### Material provided
※

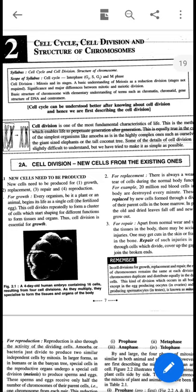Today we will discuss the chapter: cell cycle, cell division, and structure of chromosomes. The cell cycle is basically a series of phases which include how the cell prepares itself by duplicating its contents, then grows, and then divides. Before we discuss the cell cycle in detail, let's begin with cell division.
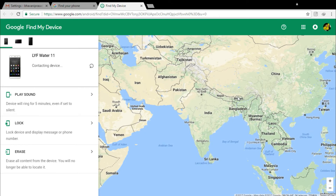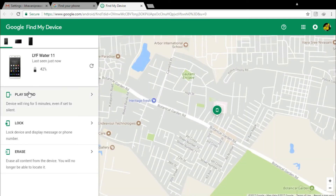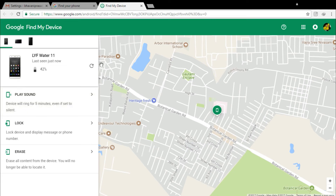It has three options. One: when you click on play sound, your device will automatically ring even in silent mode. Two: when you click on lock, it will lock your device. Three: when you click on erase, it will erase total data in your mobile phone so that no one can steal your personal data.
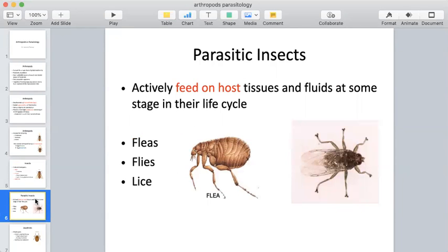Parasitic insects actively feed on host tissues and fluids at some stage in their life cycle, and this is typically how any parasitic organism they may be harboring gets transmitted. As fleas, flies, ticks, and lice feed on host tissue — taking a blood meal from a human or an animal — that is when transmission of a parasitic organism occurs. The first example that comes to mind is malaria, which is transmitted by mosquito. Fleas, flies, and lice are all examples of insect parasitic reservoirs.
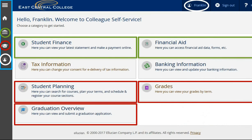From the Self-Service homepage, students will be able to access their tuition and fee statement and the ability to make payment online under Student Finance. They can also access the financial aid checklist, missing documents, and award letters under Financial Aid.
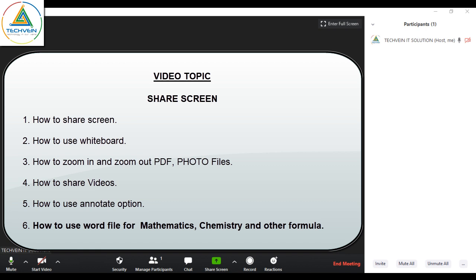Hello everyone. In this video I will explain the share screen options — how to use share screen, how to share content through share screen, and how to use whiteboard. These are all the things I will cover in this video.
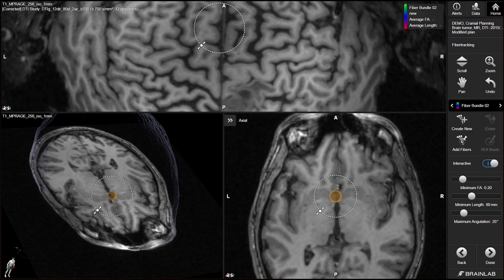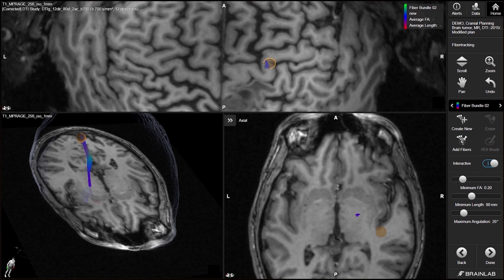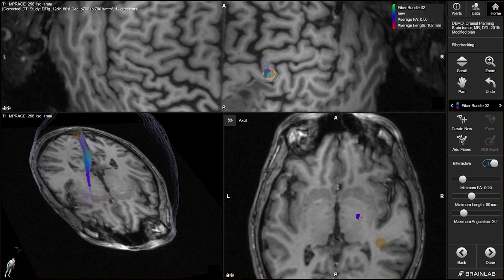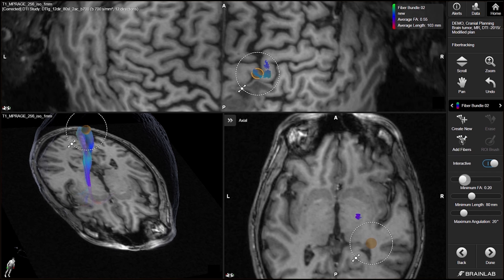Dynamic Live Tracking in 2D, 3D and Brain Projection View is another unique option for quick, interactive fiber visualization. Changes due to adjustment of one of the tracking parameters are also instantaneously displayed.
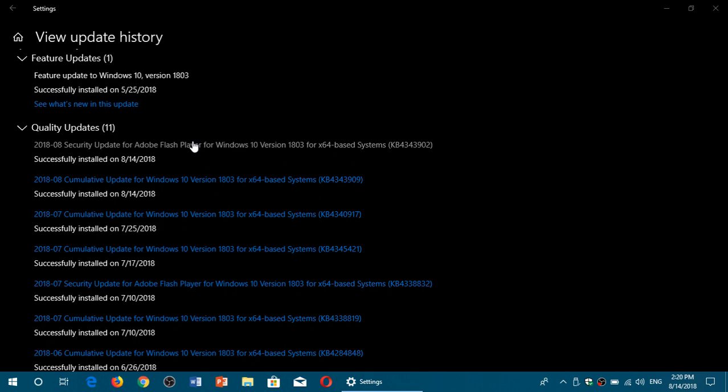Chakra Core, which is the Chakra engine in Microsoft Edge or in the browser, Adobe Flash Player, which is a separate update, .NET Framework, Microsoft Exchange Server, Microsoft SQL Server, and Visual Studio. So all of this is updates. There's quite a few security updates, including for the browsers and the core of Windows.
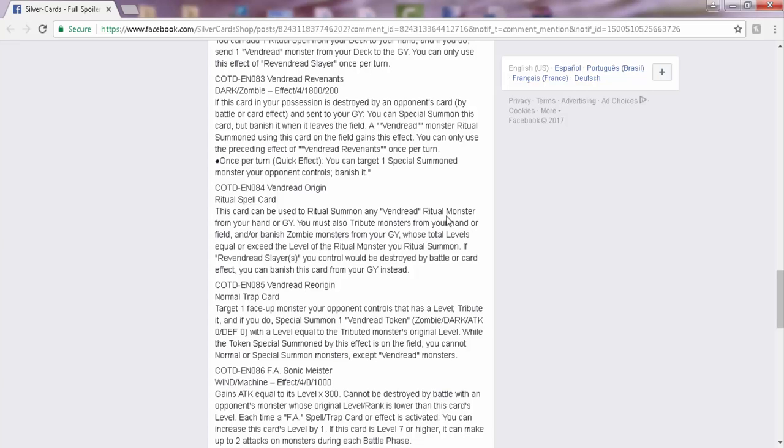You must also tribute monsters from your hand or field and/or banish zombie monsters from your graveyard. So this is what's making the first two lines of this ritual spell already busted. I can summon a ritual monster from hand or graveyard, and I can tribute monsters from my hand or field, or I can banish zombie monsters. You guys understand what that means? Exactly. And then you don't even have to be equal, you can exceed the level too. So that's even better. There's really no restriction. And then if one of our Slayers would be destroyed by battle or card effect, we can banish this to protect it. So a built-in protection. You can summon it from anywhere and you can tribute from anywhere, technically. That's pretty busted. That's why I think this is the best card. If you guys know any better one, let me know.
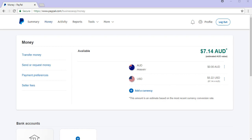Hi, this is Chanel from Tips and Tricks HQ and in this tutorial I'll demonstrate how you can withdraw funds from a PayPal account.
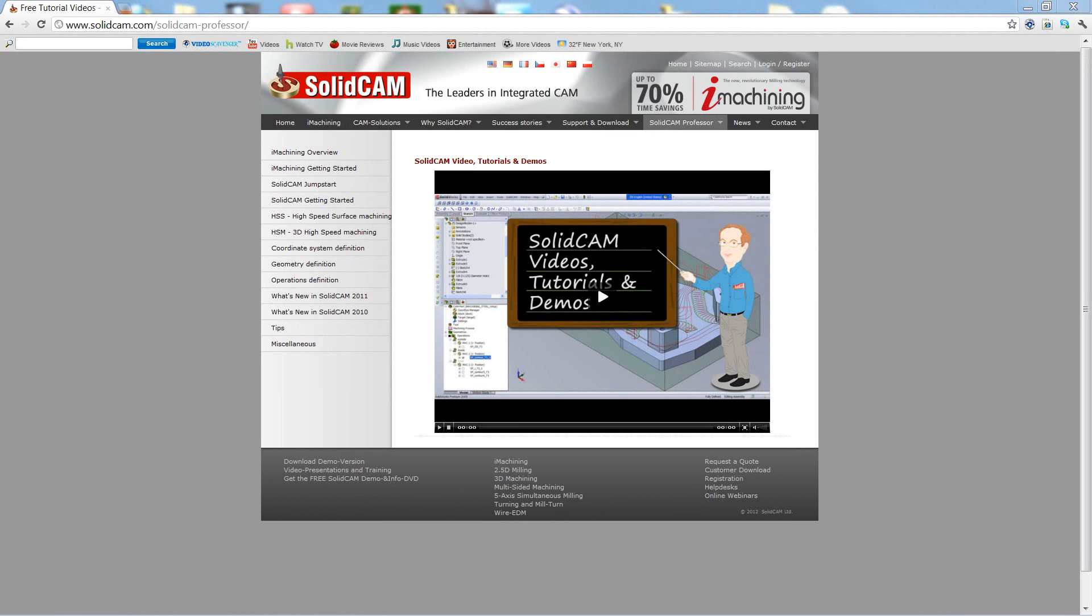Welcome to SolidCam Professor. I'm Sidney, a SolidCam professor, with one of many videos available to you 24 hours a day, 7 days a week.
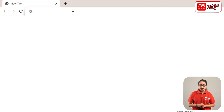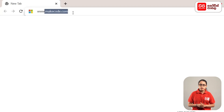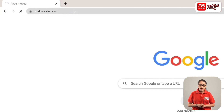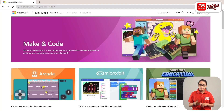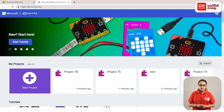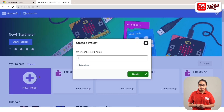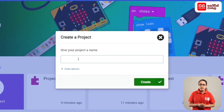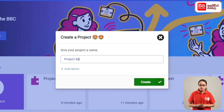Then, add the address by www.makecode.com. Click on the new project. Click on the create button. Click on the project.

※

### Task description
Pictures stay out; output the lines from the top of the listing above through the line containing "It has three", exactly as they stand.

### Response to this task
Today we will discuss the chapter: cell cycle, cell division, and structure of chromosomes. The cell cycle is basically a series of phases which include how the cell prepares itself by duplicating its contents, then grows, and then divides. Before we discuss the cell cycle in detail, let's begin with cell division.
It has three options. One: when you click on play sound, your device will automatically ring even in silent mode. Two: when you click on lock, it will lock your device. Three: when you click on erase, it will erase total data in your mobile phone so that no one can steal your personal data.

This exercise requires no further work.